Task goal => Reproduce only what runs from the line containing "UVEX 2 X-Flow Side-Zip Work Boot Tan" to the line containing "Coffret mini Mayonnaise, Moutarde et Ketchup" in the records below, inclusive. Keep it exact, and keep the pictures out.

Data records =>
======

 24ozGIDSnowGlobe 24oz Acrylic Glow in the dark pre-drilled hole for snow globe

======

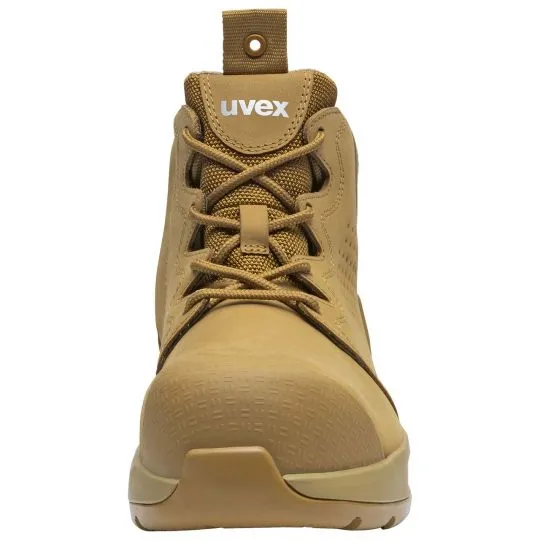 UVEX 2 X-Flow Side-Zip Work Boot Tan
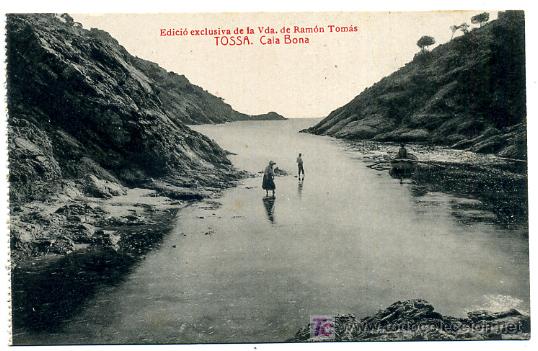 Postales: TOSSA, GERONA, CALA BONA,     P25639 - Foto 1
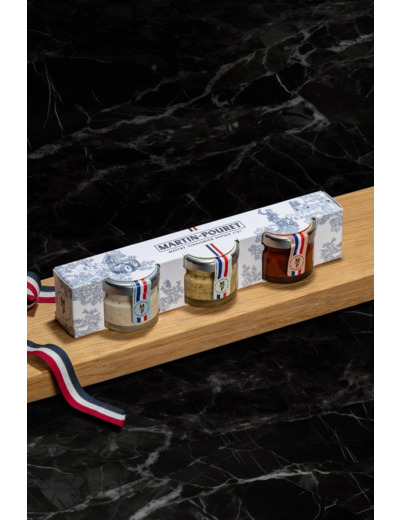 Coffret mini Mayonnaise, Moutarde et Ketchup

======

Answer to this exercise =>
 UVEX 2 X-Flow Side-Zip Work Boot Tan
 Postales: TOSSA, GERONA, CALA BONA,     P25639 - Foto 1
 Coffret mini Mayonnaise, Moutarde et Ketchup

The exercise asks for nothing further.